Dans une intervention remarquée, l’ancien chef de l’État congolais Joseph Kabila Kabange rompt un silence médiatique de plusieurs mois pour dénoncer ce qu’il qualifie de « persécution politique systématique » orchestrée par le régime Tshisekedi. Par une tribune adressée à Jeune Afrique ce 1er septembre, l’ex-président livre une charge sans précédent contre les institutions judiciaires et militaires qu’il accuse d’être instrumentalisées à des fins de règlement de comptes politiques.
Au cœur de ses préoccupations : le procès Joseph Kabila devant le tribunal militaire de Kinshasa, où l’ancien dirigeant encourt la peine capitale pour des accusations allant de la trahison aux crimes de guerre. Kabila dénonce une levée « illégale et anticonstitutionnelle » de ses immunités par le Sénat en mai 2025, ouvrant la voie à ce qu’il présente comme une machination judiciaire. « Ces accusations mensongères et politiquement motivées visent uniquement à faire taire l’opposition », assène-t-il.
L’analyse politique de cette situation révèle des tensions profondes au sein de l’appareil d’État. Le pouvoir actuel jouerait-il une partie d’échecs dangereuse avec les institutions républicaines ? En ciblant systématiquement les hauts gradés des forces armées et de la police – près de soixante arrestations selon Kabila – le régime affaiblirait délibérément les FARDC tout en sapant le moral des troupes. Une stratégie qui, à terme, pourrait menacer la sécurité nationale elle-même.
Sur le plan diplomatique, l’ancien président émet des réserves substantielles concernant l’accord Kinshasa Kigali récemment conclu. Si les pourparlers directs avec le Rwanda représentent une avancée théorique, Kabila note que « l’effusion de sang se poursuit » dans l’Est du pays. Les négociations Doha M23 avec les représentants de l’AFC/M23 semblent également insuffisantes à ses yeux, alors que d’autres groupes armés comme les ADF et les FDLR continuent leurs activités destructrices.
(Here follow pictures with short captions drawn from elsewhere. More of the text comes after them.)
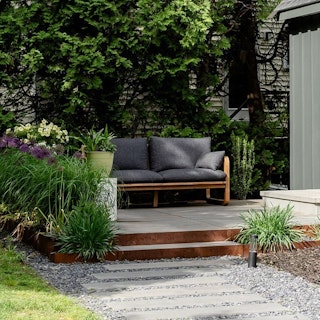 Garden patio featuring Laholm 70" Outdoor Loveseat in Dravite Black. Photo by @fernsliving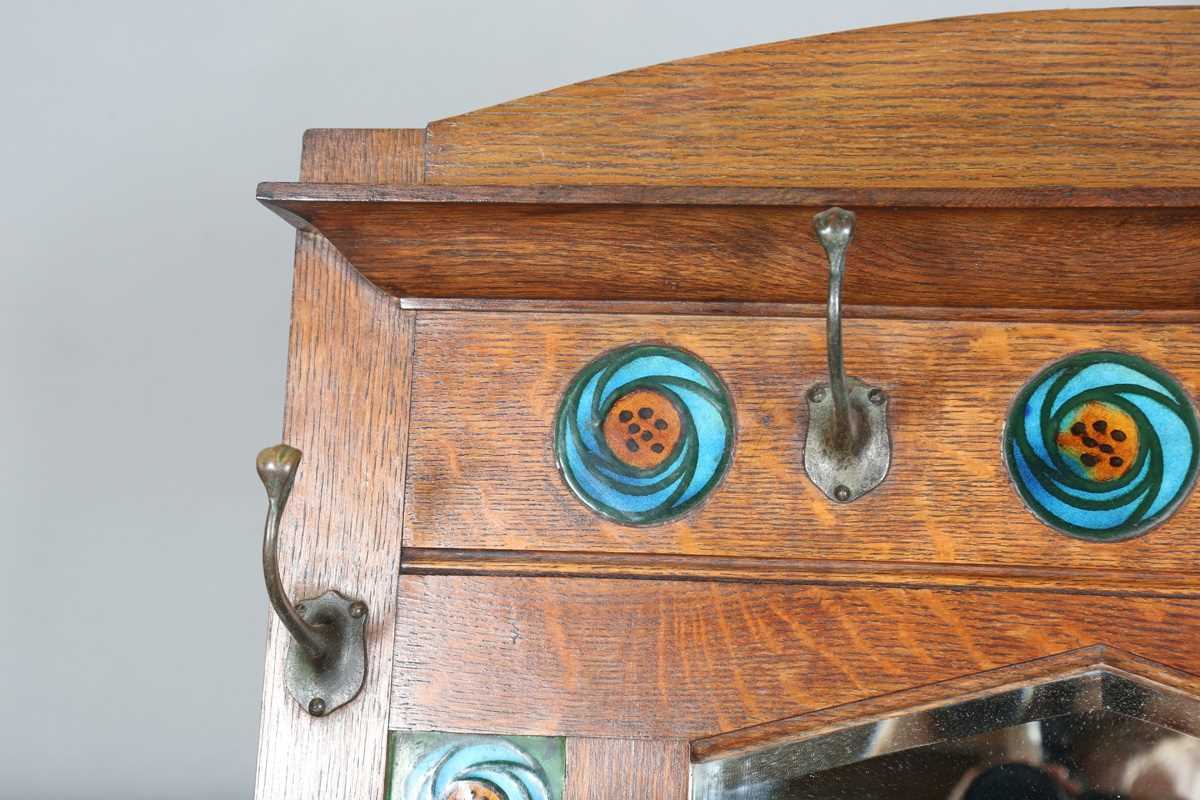 An Edwardian Arts and Crafts Glasgow School oak hallstand, the mirrored back inset with glazed - Image 4 of 13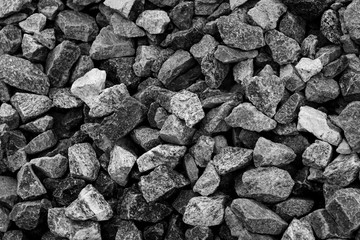 Black small road stone background, dark gravel pebbles stone texture, granite,marble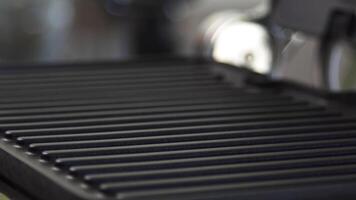 Close up of small grill grate for home barbeque cooking on blurred background. Household utensils. Details of a modern kitchen interior. video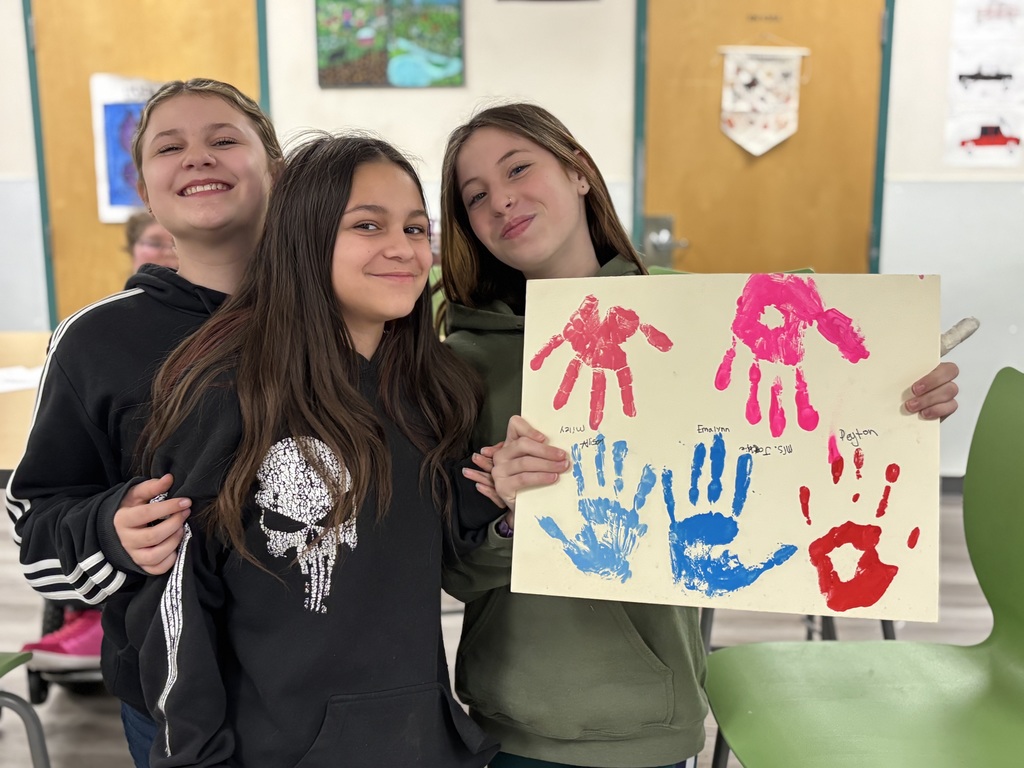 two 6th grades students and one 7th grade girl show off their painting in Art 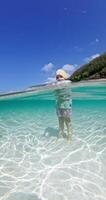 Little child girl standing in tropical sea on sunny day, split shot in ocean video
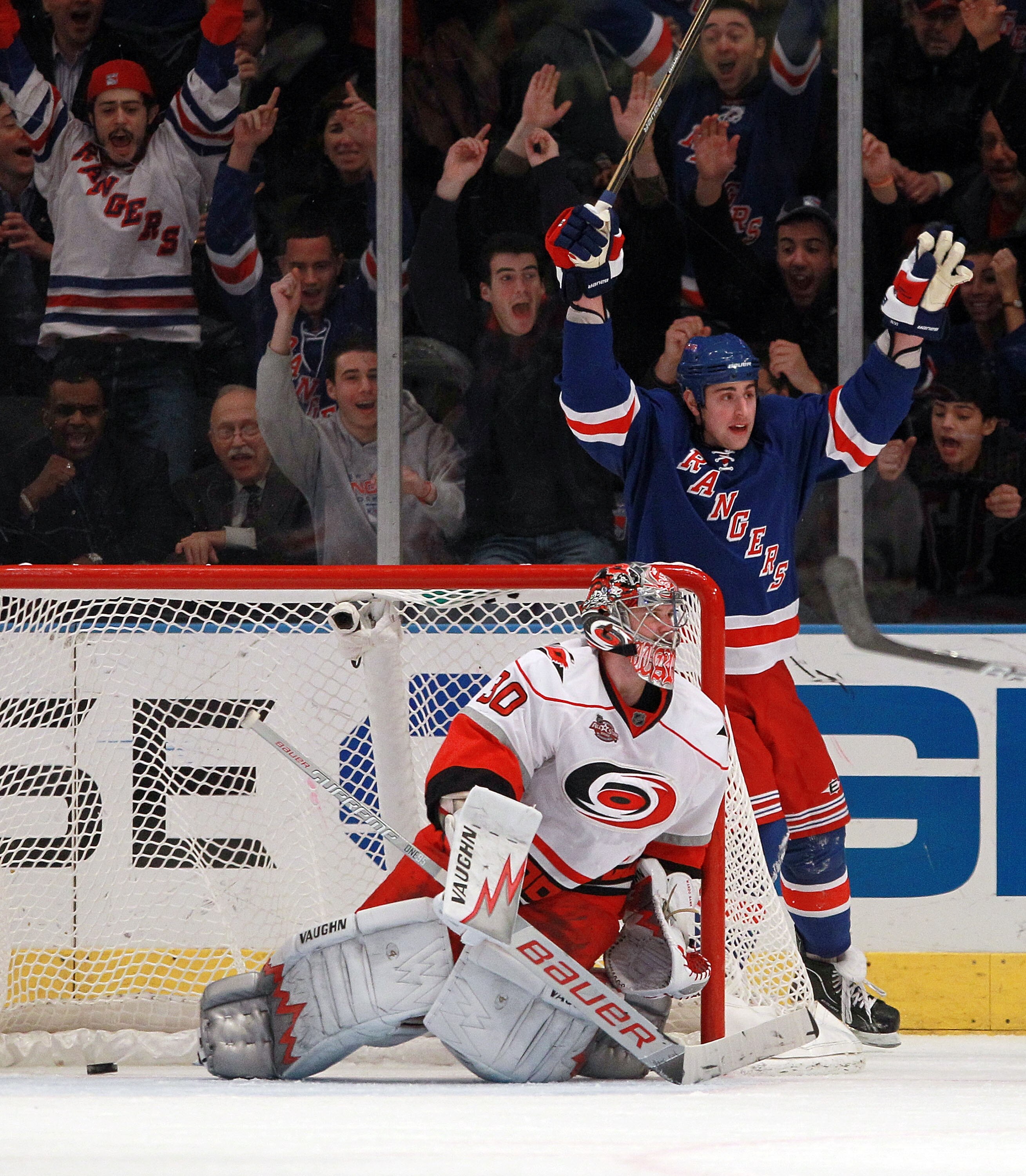 NEW YORK, NY - JANUARY 05:  Brandon Dubinsky #17 of the New York Rangers celebrates a goal against Cam Ward #30 of the Carolina Hurricanes at Madison Square Garden on January 5, 2011 in New York City. The Rangers defeated the Hurricanes 2-1 in overtime.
La question qui se pose désormais est celle de la crédibilité internationale de la RDC. Comment les partenaires étrangers perçoivent-ils ces développements politiques ? Kabila les exhorte à « voir au-delà de la façade » et à reconnaître les manœuvres derrière les arrestations massives et les procès spectaculaires. Un appel qui résonne particulièrement alors que la levée des immunités levées Sénat RDC continue de faire débat parmi les constitutionnalistes.
Sur le fond, l’ancien chef de l’État propose une alternative : un dialogue national inclusif regroupant toutes les parties prenantes, y compris la société civile et les chefs religieux. Une position qui contraste avec l’approche actuelle du pouvoir, accusée de privilégier les solutions unilatérales et les règlements de comptes.
Le timing de cette intervention n’est pas anodin. Alors que le procès de l’ancien président entre dans une phase cruciale, cette tribune sonne comme un ultime avertissement au régime en place. La balle est désormais dans le camp de la communauté internationale et des institutions congolaises : continuer sur la voie de la confrontation ou œuvrer pour une réconciliation nationale authentique ?
La réponse à cette question déterminera non seulement l’avenir politique immédiat de la RDC, mais aussi la stabilité à long terme de toute la région des Grands Lacs. Une chose est certaine : Joseph Kabila, par cette sortie médiatique calculée, montre qu’il reste un acteur politique incontournable dont les prises de position continuent de peser sur l’échiquier national.